On the residential scale, you will need an area in your landscape that receives full sun. Hops prefer moist well-drained organic soils with a pH of around 6.5. To achieve this in our heavy clay soils you will need to amend the soils with compost to a depth of one foot. Take a soil test before adding lime to raise the pH. The NC soil testing kits now have a crop code for hops (119), but remember if you use this, your results will be in pounds per acre instead of pounds per 1000 square foot.

Hops can be trained to grow up a fence, a house, a trellis, or pergola. Many residential growers place a tall pole in their landscape with wires running from the top of the pole to the ground like a teepee. Plant the bines in the ground near each wire. Hops will grow and produce the first year. Once they begin to grow, select up to three bines and cut back the remaining ones. Encourage the bines to twine clockwise around the wire.

Hops are harvested in mid-August to mid-September, depending upon the weather, by cutting down the bines and removing the flowers. You will know the hops are ready for harvest when the flowers are still squeezable but have a paper like quality. The flowers must then be dried. Most recommend drying the flowers at room temperature in a single layer on a screen and away from direct sunlight in order to preserve their flavor.
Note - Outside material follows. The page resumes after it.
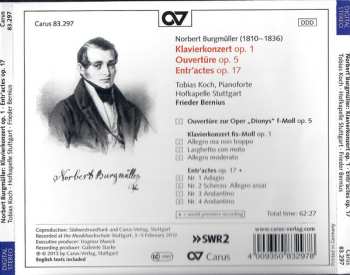 CD Frieder Bernius: Klavierkonzert Op. 1 / Entr'actes Op. 17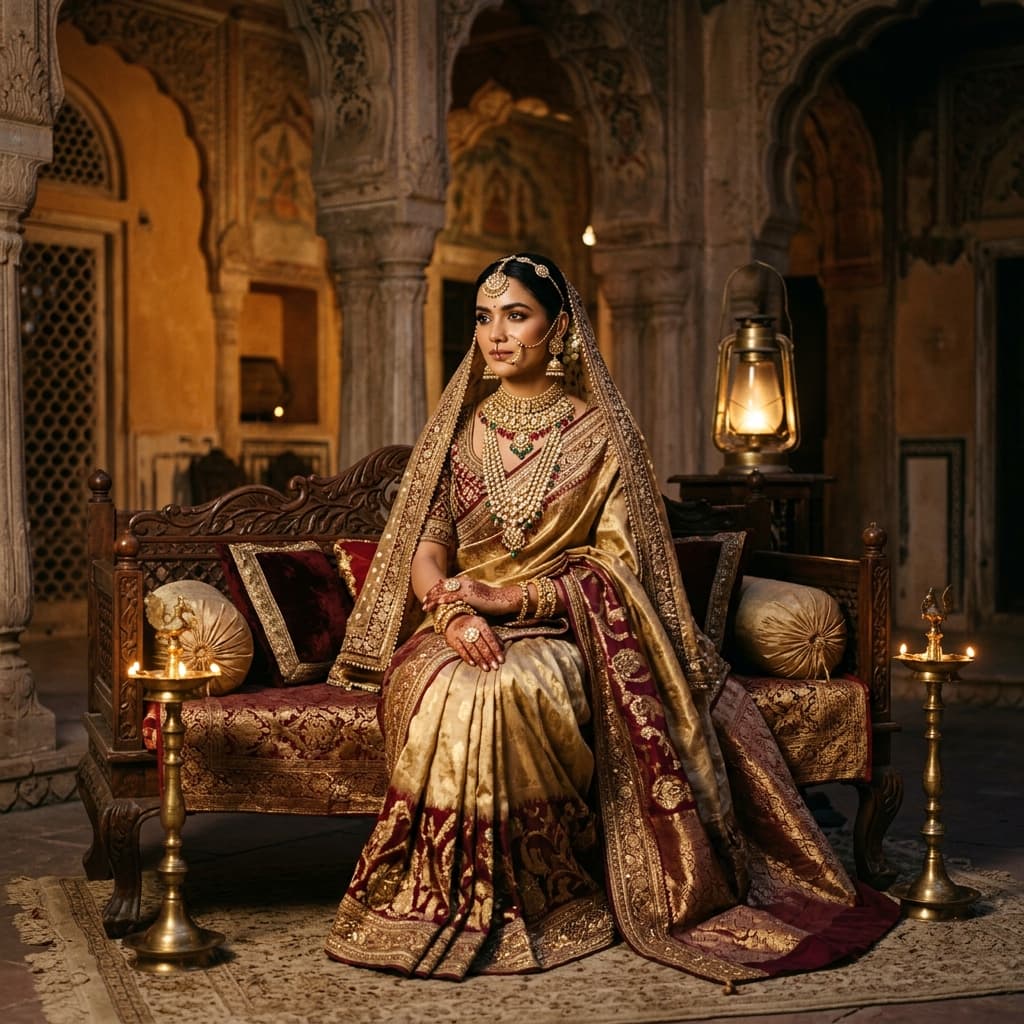 Traditional Indian heritage jewellery on model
Once dried, the flowers should be vacuum-sealed and frozen.

To learn more about growing hops in North Carolina and for information on amending soil for hops, visit www.ces.ncsu.edu/fletcher/programs/herbs/FAQ/index.

Byline:
Michelle Wallace is the Consumer Horticulture Agent for the N.C. Cooperative Extension Service in Durham Co.  Contact the Durham County Extension Master Gardeners at 919-560-0528 or email DurhamMG@yahoo.com.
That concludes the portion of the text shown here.